The FATF will investigate banks, securities companies, and insurance companies to see whether they have sufficient measures in place to confirm customer identity, report transactions that may be money laundering, and prevent fraudulent remittances. Additionally, the organization will investigate cryptocurrency exchange operators as managers of new financial assets to see whether their measures are sufficient to deter exploitation of these assets by criminal organizations. This marks the first time that Japanese cryptocurrency exchange operators will be subject to an evaluation by the FATF.

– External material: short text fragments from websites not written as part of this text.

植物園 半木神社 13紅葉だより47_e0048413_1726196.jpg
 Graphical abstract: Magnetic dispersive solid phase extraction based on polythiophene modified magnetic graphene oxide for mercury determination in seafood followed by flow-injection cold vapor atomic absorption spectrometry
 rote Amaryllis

A previous audit was conducted in Japan in 2008, however the entirety of financial institutions in Japan received a harsh assessment, requesting improvements for 25 out of the 49 audited items for anti-money laundering and counter-terrorism financing (10 items demonstrated insufficient countermeasures and 15 items demonstrated only partial implementation of countermeasures). In the past, only 5 countries out of the 23 that underwent assessment by the FATF assessments required strict monitoring with regular follow-ups: United Kingdom, Spain, Italy, Portugal, and Israel. However, this does not imply that the countermeasures at Japanese institutions are in an exemplary state.
The FATF’s Recommendations carry significant weight and apply to over 190 countries and regions around the world. Should Japan be assessed as a “high-risk” or “uncooperative” country by the FATF, financial institutions in other countries may apply closer scrutiny when working with Japan’s financial institutions, leading to delayed trade or avoiding deals with Japan altogether. The Japanese government may be undertaking this recent assessment to regain trust and dispel concerns in international trade matters.

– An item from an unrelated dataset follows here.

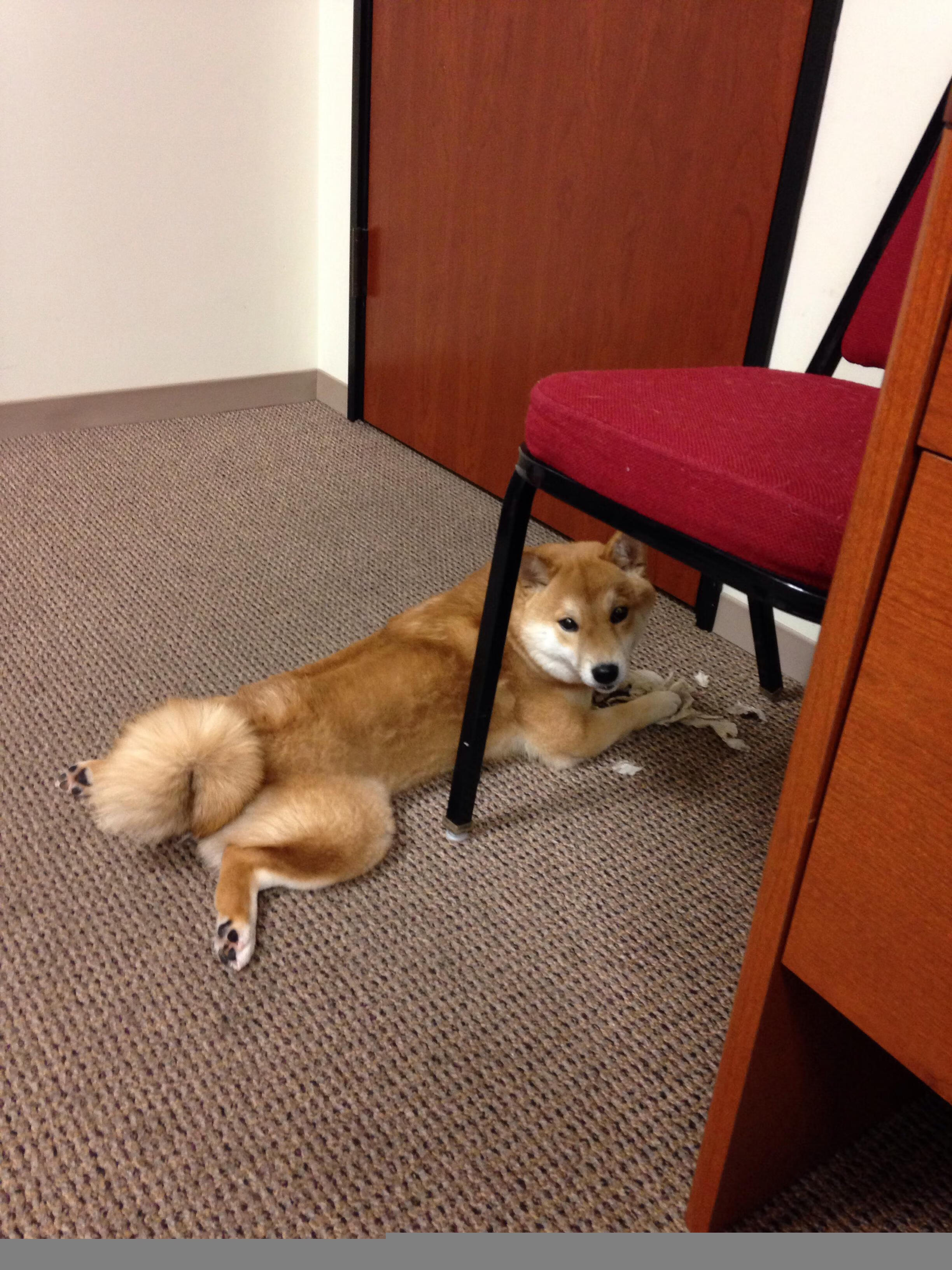 史上最大“黑马逆袭”：从边缘到巅峰的神奇转变，最大的黑马英文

Cryptocurrency service providers in Japan have already begun introducing a registration system for registering as an operator with the Financial Services Agency (FSA), however it is thought that the regulating agency will further evaluate the initiatives of cryptocurrency exchange operators in Japan and propose measures for improvement. There are 20 companies registered with the FSA as cryptocurrency exchange operators, but companies that are not under the umbrella of major listed corporations and thus do not have abundant capital or human resources are mixed among those registered. Going forward, it can be expected that the fate of these registered companies will be split between those with resources capable of addressing requested operational improvements and those unable to keep up.